Because we hold that the HPD and the DEA conducted valid inventory searches of the box, we need not decide if this was a valid search incident to arrest.




A. Drug-Related Offenses.


Gallo challenges the sufficiency of the evidence to sustain his convictions for conspiracy to possess cocaine with intent to distribute, and for aiding and abetting the possession of cocaine with intent to distribute. In reviewing the sufficiency of the evidence, this court must examine the evidence in the light most favorable to the verdict and uphold the conviction " 'if a rational trier of fact could have found the essential elements of the offense beyond a reasonable doubt.' " United States v. Rodriguez-Mireles, 896 F.2d 890, 892 (5th Cir.1990) (quoting United States v. Ayala, 887 F.2d 62, 67 (5th Cir.1989)). Further, this court accepts all credibility choices that tend to support the jury's verdict. United States v. Yamin, 868 F.2d 130, 133 (5th Cir.), cert. denied, --- U.S. ----, 109 S.Ct. 3258, 106 L.Ed.2d 603 (1989).

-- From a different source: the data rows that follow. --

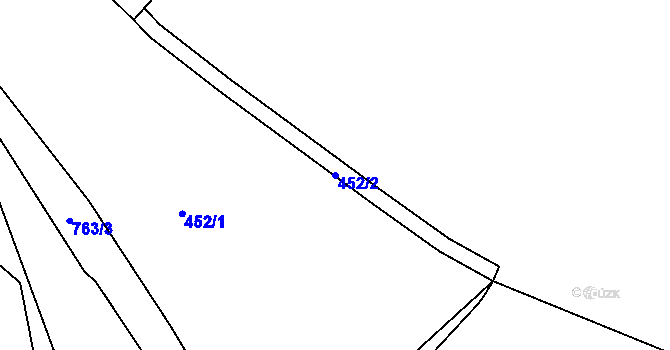 Parcela st. 452/2 v KÚ Lhenice u Bžan, Katastrální mapa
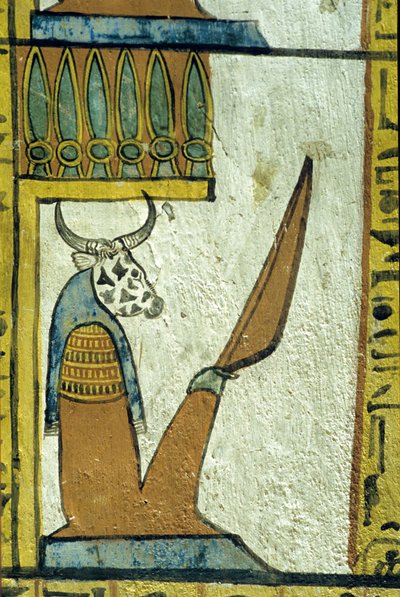 Antiguo Egipto, Pintura mural, Dios del inframundo con cabeza de vaca, Tumba de Sennedjem, Tebas, Deir el Medina de School Egyptian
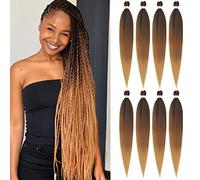 Beyond Beauty 8 Packs Black Pre Stretched Braiding Hair Synthetic Yaki EZ Braiding Coi Leray Braids Knotless Braiding Hair Extensions Pre Stretched Hot Water Setting Crochet Braids 42Inch(1B-30-27)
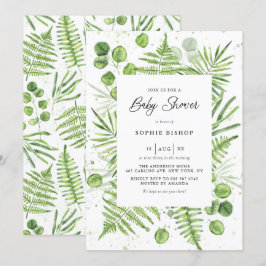 VattenfärgsFerns och Eucalyptus Ram Baby Shower Inbjudningar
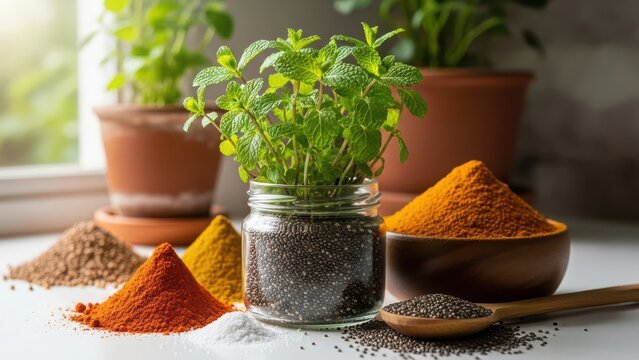 A vibrant still life composition featuring fresh green herbs in a glass jar surrounded by colorful piles of aromatic spices and seeds on a windowsill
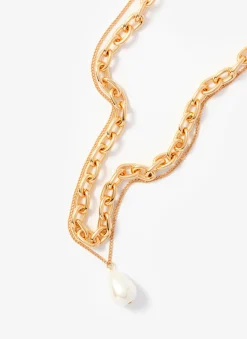 Gold Tone Pearl Drop Double Layered Necklace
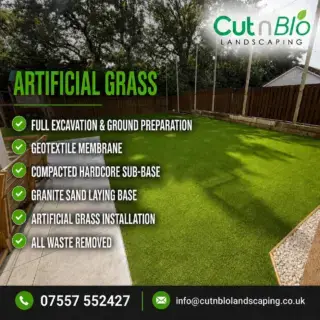 🌱 ARTIFICIAL GRASS SPECIALISTS 🌱
When choosing the right company, proper preparation and quality materials make all the difference.
We offer a complete supply-and-fit service, with a range of artificial-grass samples to choose from. Available in both 4m and 5m widths, helping to reduce unnecessary joins and achieve a cleaner finish.
All materials are supplied and fitted, including full ground preparation and professional installation. We also remove all waste and leave your garden clean and tidy.
Family-run and trusted since 2014.
Contact us to arrange a free quotation, or send us some photos and rough measurements for a quick ballpark price.
📲 07557 552427
📧 info@cutnblolandscaping.co.uk
🌐 www.cutnblolandscaping.co.uk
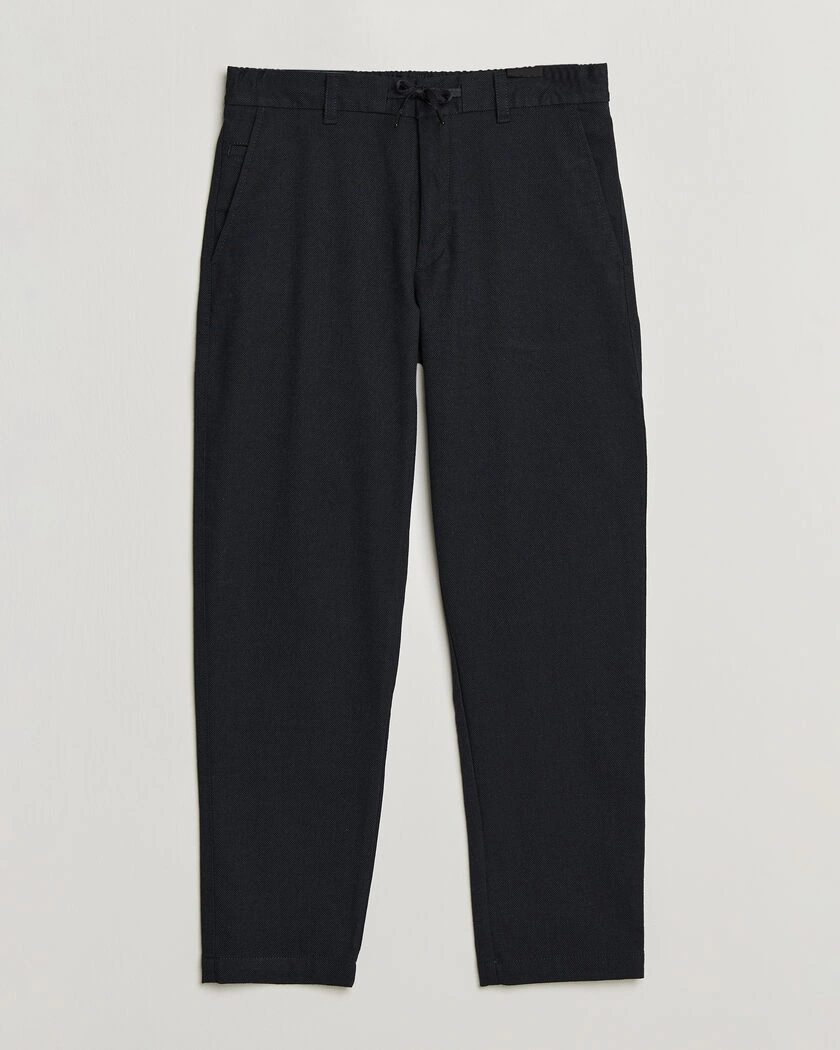 BOSS ORANGE Tapered Fit Drawstring Chino Dark Blue – Blå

To establish a drug conspiracy, the government must prove: (1) the existence of an agreement between two or more persons to violate federal narcotics laws; (2) that the defendant knew of the agreement; and, (3) that the defendant voluntarily participated in the agreement. United States v. Magee, 821 F.2d 234, 239 (5th Cir.1987) (citing United States v. Natel, 812 F.2d 937, 940 (5th Cir.1987)). The Government is not required to prove the existence of the conspiracy and the agreement between the co-conspirators and the defendant by direct evidence, but may present circumstantial evidence, such as the co-conspirator's concerted actions, from which the jury can infer that a conspiracy existed. Id. (citing United States v. Vergara, 687 F.2d 57, 61 (5th Cir.1982)). The existence of the agreement, the defendant's knowledge of the agreement, and the defendant's participation in the conspiracy may be inferred from the " 'development and collocation of circumstances.' " United States v. Lentz, 823 F.2d 867, 868 (5th Cir.), cert. denied, 484 U.S. 957, 108 S.Ct. 354, 98 L.Ed.2d 380 (1987) (quoting Vergara, 687 F.2d at 61). "Although mere presence at the scene of the crime or close association with co-conspirators will not alone support an inference of participation in a conspiracy, presence or association is one factor that the jury may rely on, along with other evidence, in finding conspiratorial activity by a defendant." Magee, 821 F.2d at 239 (citing Natel, 812 F.2d at 940-41).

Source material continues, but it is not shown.